Ole Miss deserves a lot of credit for taking advantage of a down year, but it was still a down year. LSU suffered through its worst season in about a decade, Arkansas was awful at times, and Auburn was a soap opera. All three teams should be better this year. Auburn and Arkansas, in particular, should see massive improvement in their offensive outputs on the simple ground that it couldn't be worse.
There just won't be as many "easy" wins on the schedule. Sure, they don't have to play Florida, but they have to play improved teams throughout the year. I absolutely guarantee that Auburn's offense will be greatly improved this year and they will give everyone a much tougher game.

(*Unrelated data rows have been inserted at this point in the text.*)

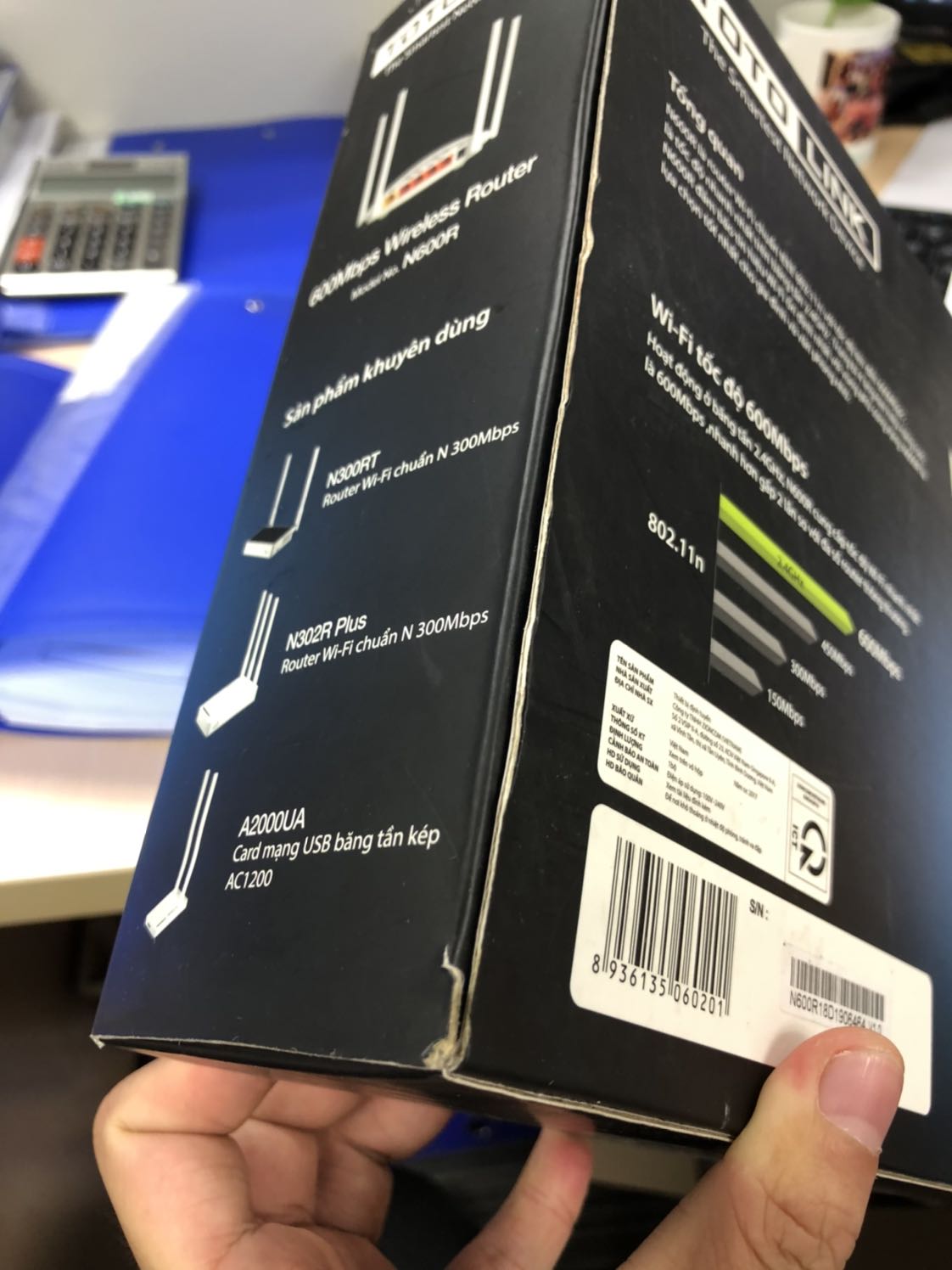 - Hộp rất cũ, không có bọc nilon, bị rách ở hầu hết các góc mép, không có 1 tem dán nào ở bên ngoài.
- Bao bọc máy bị rách, hình thức xấu, gây phản cảm.
- Tờ hướng dẫn bị gấp, nhăn góc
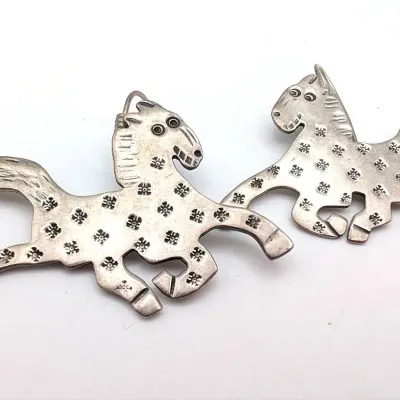 Sale Photo Thumbnail #32: Richard Lindsay Sterling Horse Earrings, Signed 1983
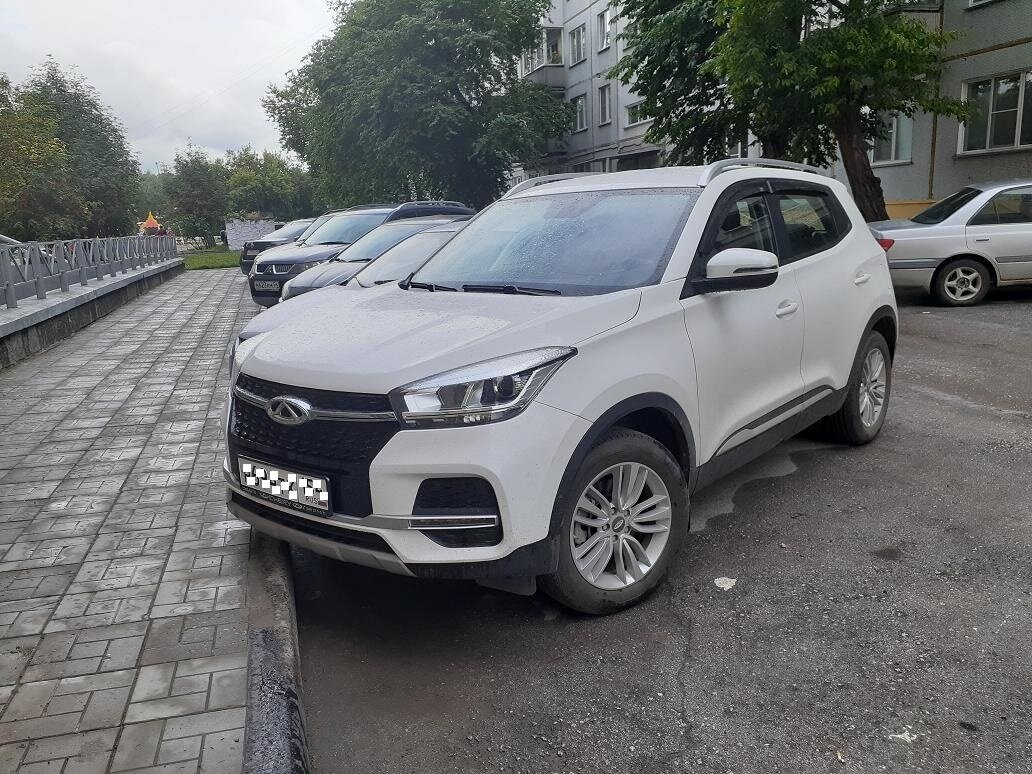 На стоянке во дворе многоэтажки Chery Tiggo 4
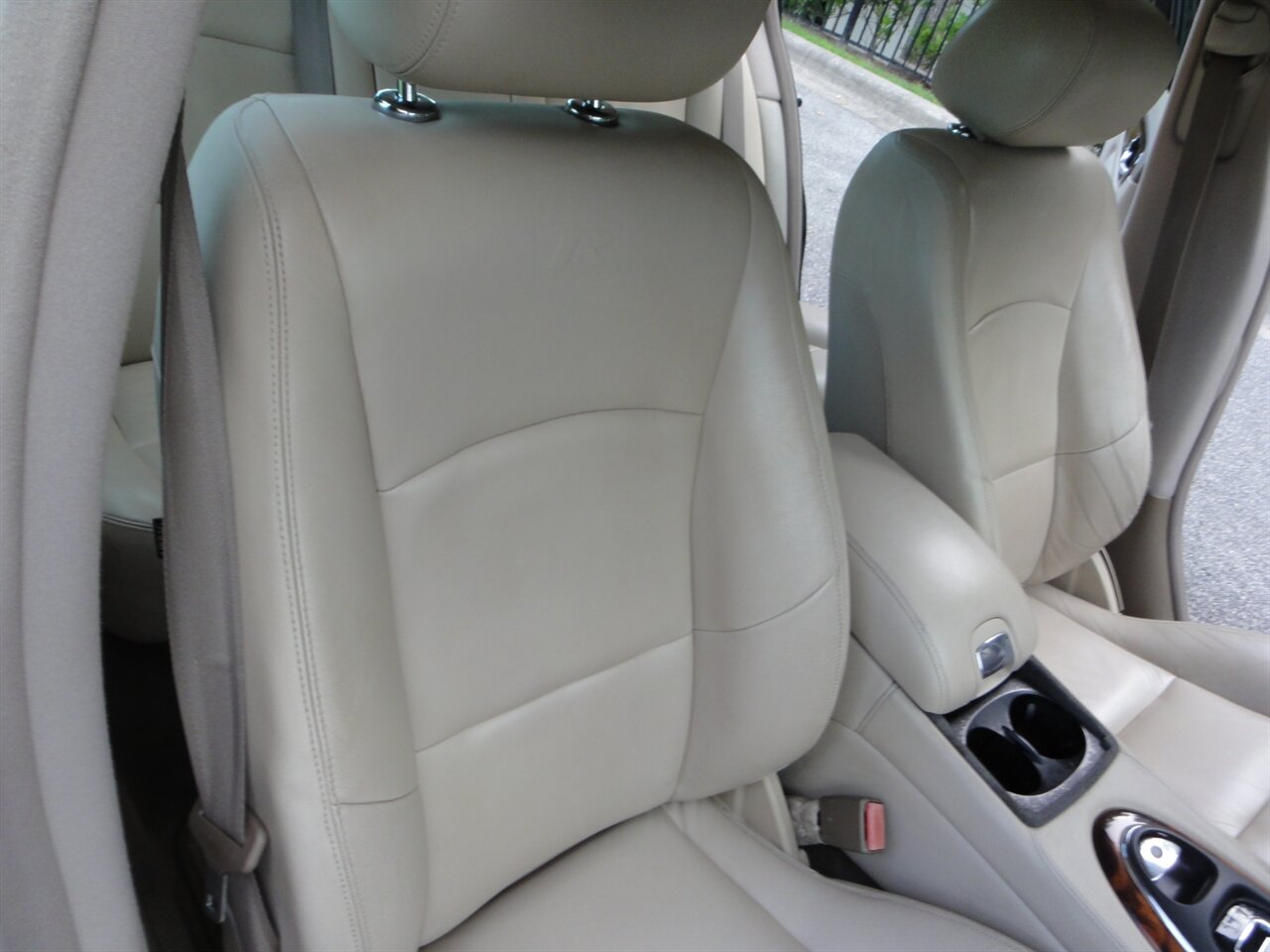 2004 Jaguar XJR Ultra premium - Photo 42 - Deland, FL 32720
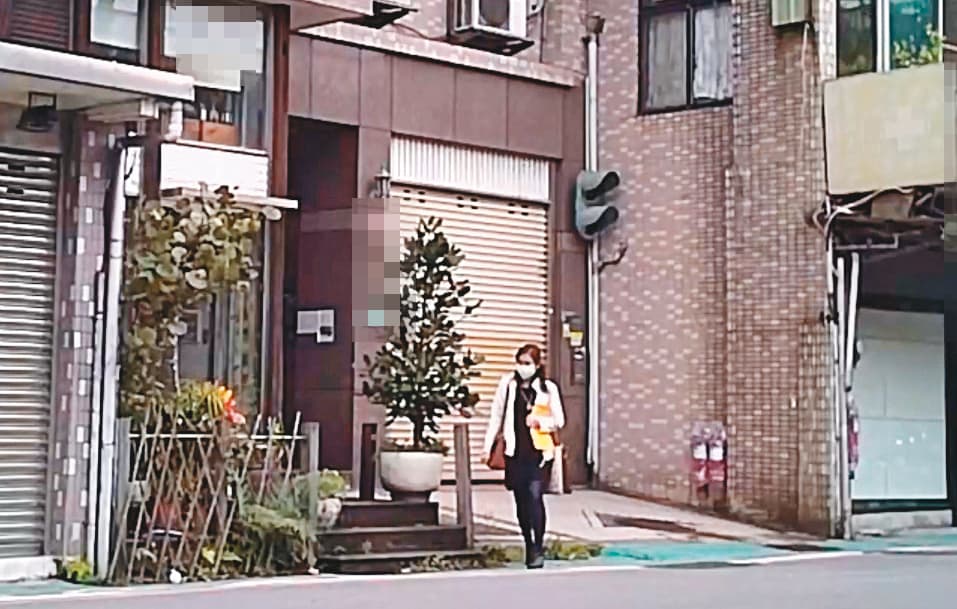 03/11 13 : 25 陳淑娟（圖）確認王浩取車後才離開華廈，並向右走，繞到後方巷弄會合。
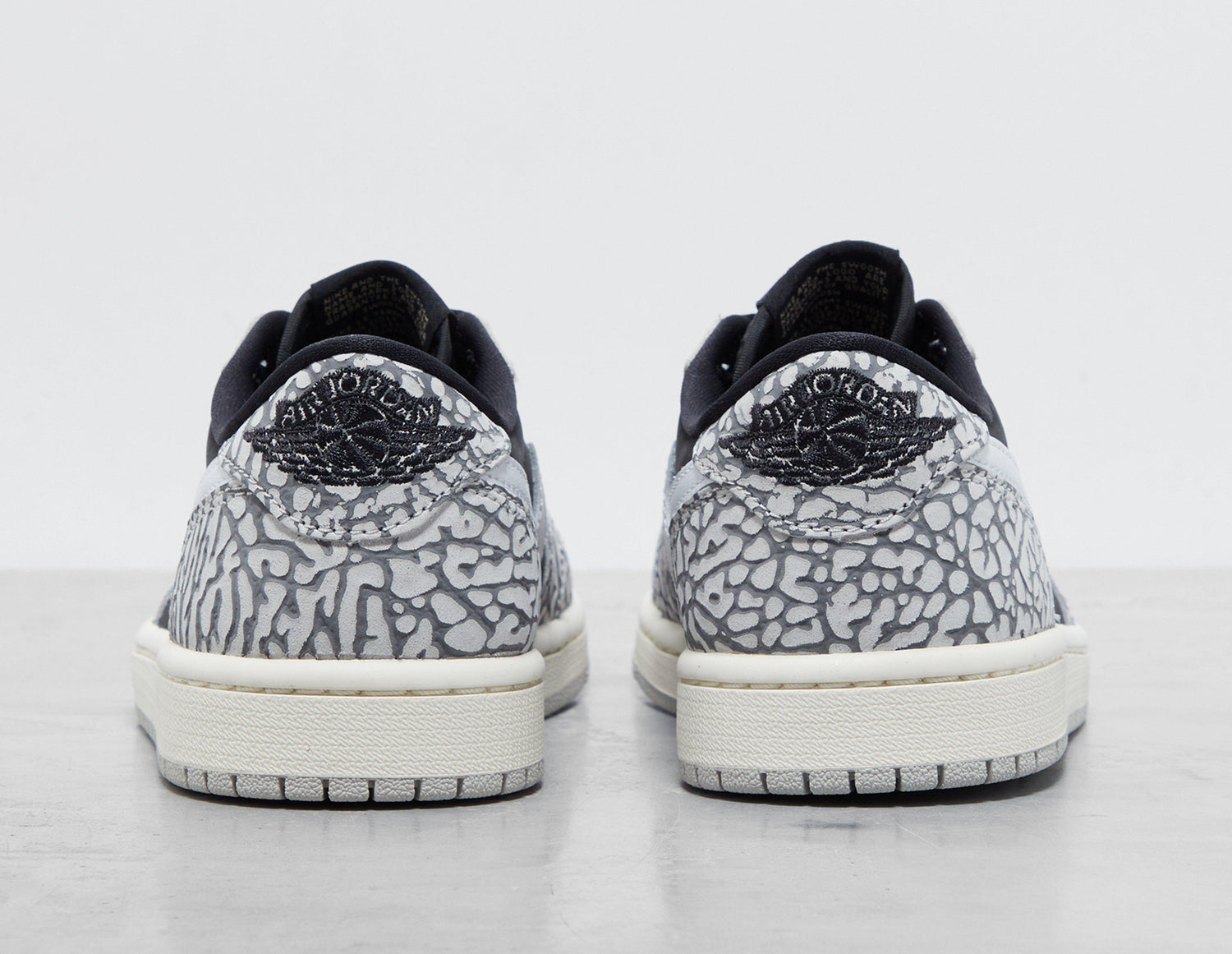 #AJ 1 LO OG ELE BLK/GRY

Maybe not a return to the top 25, but Auburn certainly will not be the speed bump on the schedule they were last season.
There's just a lot of factors working against Ole Miss this year. 2008 was a near perfect storm for the Rebels, and it's difficult to believe all of the stars will align for them again. Will they be good? Of course. Nutt's a good coach, they have some playmakers on defense, and the best quarterback in the SEC who does not go home to sit by the right side of the Father.
But this is a team that has to improve in order to win the division, and I don't see that improvement. I believe that it will be a major challenge to merely maintain the massive improvement the program made last season. I actually believe Nutt is up for that challenge, but expecting more seems a tad unrealistic. The jury is still out on whether last season was a one-year aberration or a new level for Ole Miss. The most likely answer is that the truth lies somewhere in between.
Before we anoint Ole Miss is a top ten team, let's see it on the field first. It's not like it can't happen, but Ole Miss has done nothing in the past forty years of football to warrant the benefit of the doubt (yes, there was the obligatory cheap shot). I'm taking a wait and see approach to this Rebels squad, but color me skeptical.
OK, I promise not to talk about Ole Miss again for at least a week. I swear I'm not obsessed.